Cutlass était coiffé d’une sorte de casquette de toile graisseuse, à la visière molle et tordue ; ses cheveux longs, poivre et sel, flottaient à la hauteur de ses épaules. Il portait une vareuse gris-vert, tachée et décousue en maints endroits, des pantalons de vieille toile cirée goudronnée, des bottes lacées. Dans sa ceinture de cuir à grosse boucle métallique et poches-cartouchières étaient passés un vieux revolver à balles ainsi qu’un impressionnant couteau.
Il conduisait prudemment pour éviter les crevasses de la route et les buissons ras d’épineux qui poussaient dans la moindre faille d’asphalte. Si quelqu’un s’était occupé jadis d’entretenir cette voie, le temps depuis avait filé au triple galop – il était clair qu’à présent tout le monde s’en fichait royalement.
Cutlass n’aurait su dire à quel instant précis de la journée il arriva en vue des premiers buildings de cet endroit qu’on s’obstinait encore à nommer San Francisco. Son chrono de bord ne fonctionnait plus et il n’avait pas de montre au poignet – juste un bracelet de cuir lacé. Comme toujours, le ciel n’était pas le ciel, mais une masse de brume roussâtre qui flottait à une altitude indéfinie, plus ou moins élevée, c’était selon. Cette brume composait l’atmosphère ordinaire du lieu. Tout le monde prétendait qu’elle était provoquée par les installations maritimes des Supérieurs, au large – bien que Cutlass ait entendu fréquemment raconter par des vieux, ou par des moins vieux qui semblaient tout savoir, que la brume, même avant, était un phénomène coutumier de San Francisco. Et puis, quelle importance ?
Il freina et stoppa la Blackpant en bordure d’une ornière particulièrement traîtresse.
Il regarda. De la sueur perlait sur ses joues mal rasées et son front, il avait les paumes moites, de larges taches de transpiration marquaient le devant de sa vareuse et ses aisselles. Cutlass supportait mal la chaleur, la moiteur encore moins.
Le paysage proche était désert. Des yuccas secs, aux langues jaunâtres, des herbes brûlées, des cailloux. Jusqu’à la forêt qui descendait des pentes abruptes de la montagne, à l’est.
À l’ouest… la mer et la brume, sans frontière, complices pour gribouiller un monde de néant duquel émergeaient des silhouettes fantomatiques, absolument non identifiables à cette distance : quelque chose qui vous nouait au creux de l’estomac une boule de malaise.
Cutlass porta son attention en direction de la « ville » côtière. L’impression produite ne valait guère mieux. Il savait bien que les buildings de ceinture n’étaient plus qu’un décor, à peine davantage, qu’ils ne signifiaient plus rien, habités qu’ils étaient, par toutes sortes de rats : les vrais, à quatre pattes, et les humains qui avaient fini par leur ressembler.
Il regardait les buildings comme il l’avait fait un jour, peut-être au même endroit, quand il était parti. Il y avait de ça un bon nombre d’années. Déjà, alors, les immeubles étaient investis par les rats.
Restait à aller y voir de plus près… Se rendre compte de ce que cachait le décor de ceinture, comment c’était, de l’autre côté, sur la falaise et au-delà, sur les ponts et les tronçons d’autoroute, chez les Tollmen.
Cutlass remit le moteur en marche ; évita l’ornière et descendit vers la « ville ».

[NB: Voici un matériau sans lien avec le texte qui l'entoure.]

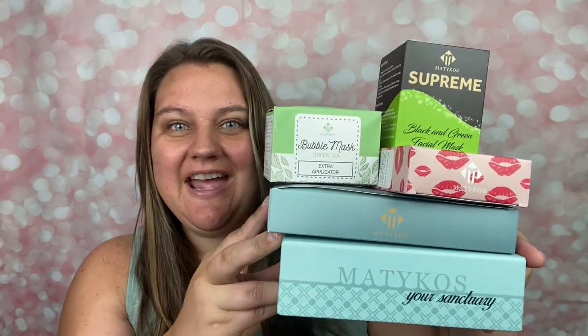Hello and welcome, or welcome back. My name is Jen and today we are going to test and review five different Maddie Coast Beauty products. I'm really excited about these. Maddie Coast Beauty sent these to me to try out and review for you.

Ils l’avaient sans nul doute repéré au volant de sa Blackpant bien avant qu’il ne pénètre dans la pénombre de la rue, entre les « buildings ». Un petit malin (dont c’était peut-être le rôle) guettait du haut d’une plate-forme, ou par l’ouverture défoncée d’une fenêtre, et il avait aperçu le nuage de poussière soulevé par la voiture de Cutlass, en un point de l’univers brumeux et roux. À moins que ce petit malin n’ait repéré l’engin simplement par hasard.
La racaille n’en cessait pas moins ses jeux, ses cris, ses grouillements, autour de Cutlass. Il roulait plus lentement encore que sur la route, obligé d’éviter les tas de décombres, les pans de murs effondrés, les détritus de toutes sortes – ainsi que les chassés-croisés des gosses devant son pare-choc. Ils ne paraissaient lui prêter aucune attention. C’était donc eux, les rats de maintenant.
Cutlass se demanda si les ruines des immeubles étaient encore habitées par des « familles » ordinaires, des groupes d’adultes, ou si l’endroit avait été radicalement investi par la racaille.
Il les connaissait. Dans plusieurs villes en cours d’abandon, il en avait vu de tout à fait semblables. Il savait ce qu’ils valaient et à quoi s’en tenir. Ça ne lui faisait pas peur. Il se contentait de conduire prudemment pour éviter les obstacles, en espérant que la rue pentue ne serait pas barrée complètement à un endroit, infranchissable.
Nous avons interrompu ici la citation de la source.